Num destes serões e à moda Balzequina, aconteceu uma sessão de poesia. Tivesse eu a mestria e a genialidade de um Dickens e o retrato seria sem duvida mais perfeito para os ausentes. De todas as formas vou tentar : Num repente, como se por magia mágica, as mesas transformaram-se num ofertório de alma, desviando as atenções das suas uguarias mais terrenas, as cadeiras e bancos corridos pareciam poltronas genovesas, e homens ,mulheres e crianças trocaram as indumentarias leves por fatos veludescos, com brocados, rendas e pérolas de enfeite e todos decidiram declamar poesia.


Andou-se muito e fizeram-se quilómetros na viagem das letras e dos livros. Da comédia, qual Gil Vicente reinventado, passámos a Cesariny e O'Neill aclamados na sua contemporaneidade, e depois dos poemas deixámos que entrassem os pensamentos e as reflexões testemunhadas e sentidas por muitos.

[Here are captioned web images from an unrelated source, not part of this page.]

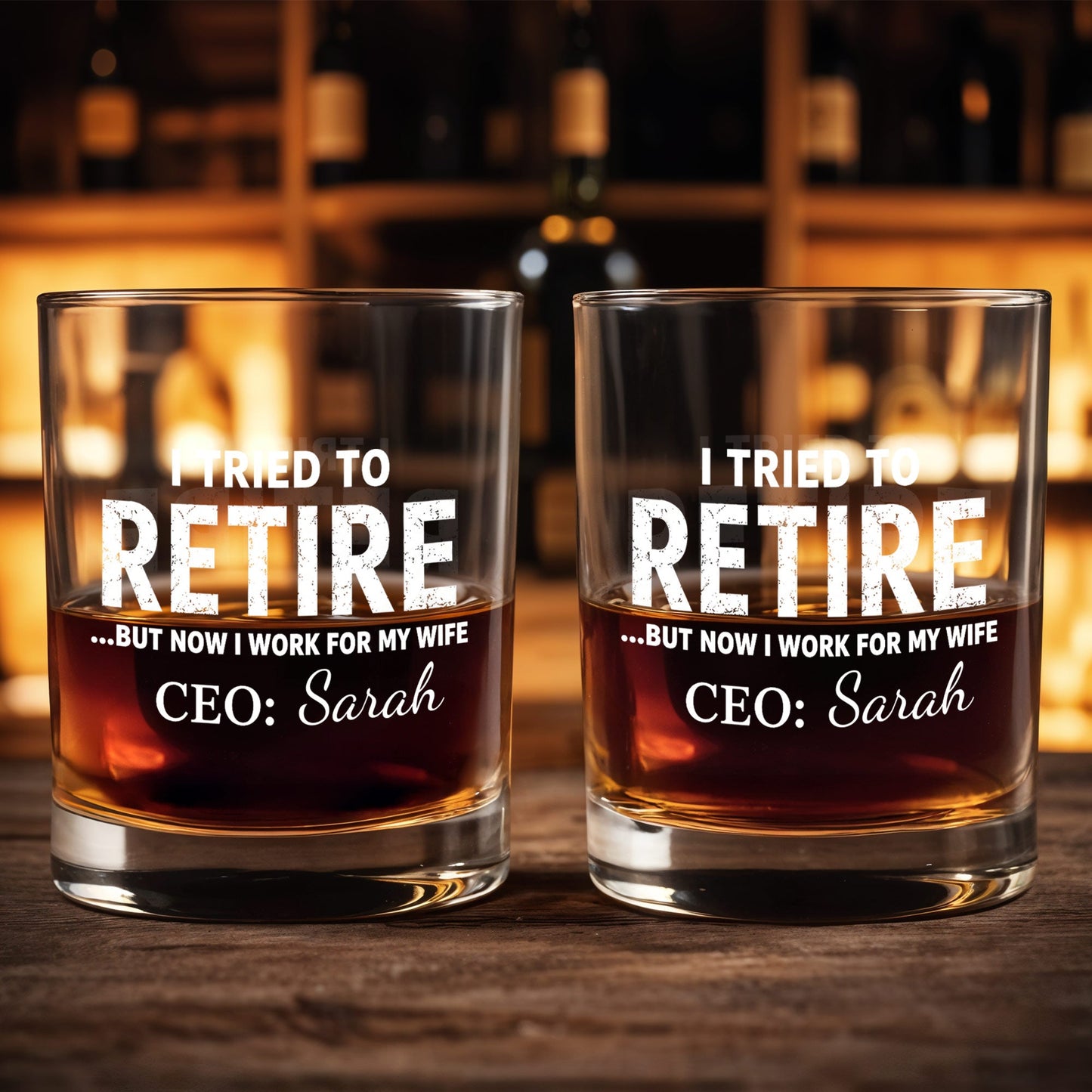 Custom Retirement Whiskey Glass personalization view for Husband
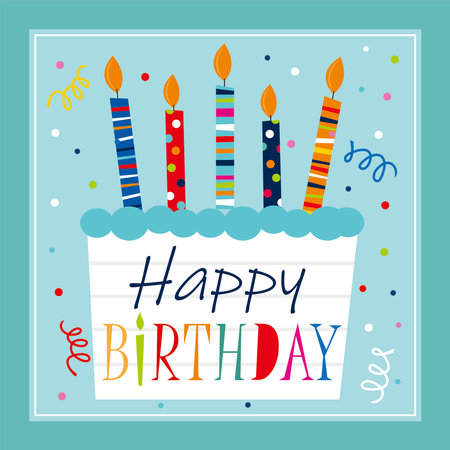 birthday card with cake and candlesのイラスト素材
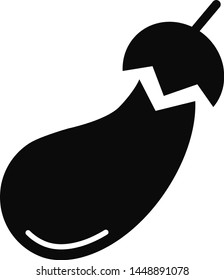 eggplant icon glyph cool cute icon pack app design icon. Cartoon eggplant sign vector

Tudo isto num serão de província. Gostámos tanto que já marcámos, datas, planeámos jantares literários e cada um já pensa nos seus autores predilectos com que vai presentear os amigos. Quem está na província, pelo menos na minha, tem tempo para ter agendas culturais não marcadas e confeccionadas individualmente a rigor, qual alfaiate de luxo da Rua do Carmo no tempo de Pessoa ou do Eça. Não há pressa, tudo acontece quando assim tem que ser.


Que a vontade seja forte e a imaginação fértil.


Pela madrugada, arrumava as cadeiras vazias, já bancos rústicos e toscos de novo, pareceu-me ouvir um sussurro. Voltei-me e vi ou não , eu sei que vi, o meu Mário de Sá Carneiro, fazendo um ultimo brinde da noite ao serão da província.